事業再構築補助金の申請条件の3つ目に「認定経営革新等支援機関と事業計画を策定する」という条件があります。この認定経営革新等支援機関を略して認定支援機関と呼びます。
事業再構築補助金の申請には認定支援機関の確認書が必要
認定支援機関は、事業主が作成した事業計画書を見て、①事業計画の内容が事業再構築補助金の対象であること、②事業計画通りに目標達成が見込まれることを確認し、「確認書」を発行します。この確認書は、申請時の必要書類の一つになっています。
事業再構築補助金の概要
誰が申請できる?
補助対象者は、日本国内に本社を有する中小企業者等および中堅企業等です。つまり、大規模でない法人が、補助対象になっています。また、「中小企業者等」の中には個人事業主も含まれているため、個人事業主も対象です。
どのような条件がある?
して資本金10億円未満の事業者を対象としていることがあります。大企業でなければほとんどすべての中小企業等、中堅企業等、個人事業主など利用することが可能です。
また、これまでは事業再構築要件及びコロナ禍における売上高減少要件がありましたが、第10回の公募からは以下の2点となりました。
- 事業計画について認定経営革新等支援機関の確認を受けること
- 付加価値額を向上させること
①事業計画について認定経営革新等支援機関の確認を受けること
①については、事業の再構築に取り組む計画、すなわち、中小企業庁が発行している「事業再構築指針」に沿った事業展開を予定していることが条件です。
そして、認定支援機関とは、中小企業を支援する専門的な知見を持った機関のことです。事業計画についての認定経営革新等支援機関の確認は、補助金額が3,000万円を超える案件は金融機関(銀行、信金、ファンド等)の確認も受けることが要件となっています。金融機関が認定経営革新等支援機関を兼ねる場合は、金融機関のみで構いません。
②付加価値額を向上させること
付加価値額の向上については、補助事業終了後3~5年で付加価値額の年率平均3~5%(申請枠により異なる)以上増加、又は従業員一人当たり付加価値額の年率平均3~5%(申請枠により異なる) 以上増加させることが必要です。

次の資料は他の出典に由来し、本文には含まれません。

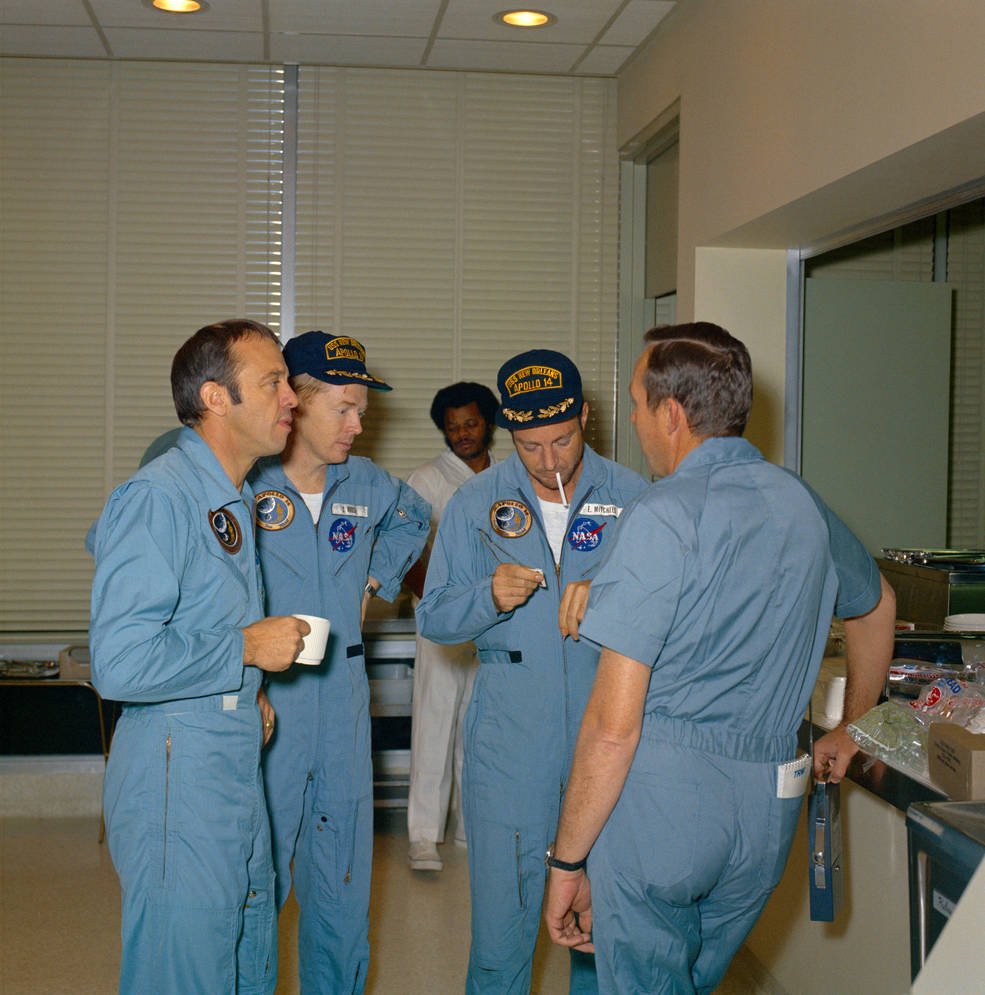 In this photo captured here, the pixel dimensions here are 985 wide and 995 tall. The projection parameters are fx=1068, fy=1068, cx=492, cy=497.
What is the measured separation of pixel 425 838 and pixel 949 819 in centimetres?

意外とと忘れがちなのが①事業計画について認定経営革新等支援機関の確認を受けることです。どちらも忘れないようにしましょう。
応募枠毎の条件もアリ
なお、各応募枠によって、下記のような条件もあるため、よく確認しておきましょう。
- 成長枠:新規事業が拡大市場に属する
- グリーン成長枠:グリーン成長戦略の課題の解決に資する取り組みを行う
- 産業構造転換枠:既存事業が縮小市場に属する
- 物価高騰対策・回復再生応援枠:原油価格や物価高騰の影響で売上高が大幅に減少
申請を検討しているのであれば一度確認してみると良いでしょう。
何に使える?
事業再構築補助金には、第10回の公募から成長枠、グリーン成長枠、卒業促進枠、大規模賃金引上促進枠、産業構造転換枠、最低賃金枠、物価高騰対策・回復再生応援枠の8つの枠があります。
新規事業は、以下の5つの取り組みが、事業再構築補助金の対象となっています。
①新市場進出
②事業転換
③業種転換
④事業再編
⑤国内回帰
「転換」はハードルが高いため、①の分野で応募する事業者が多いです。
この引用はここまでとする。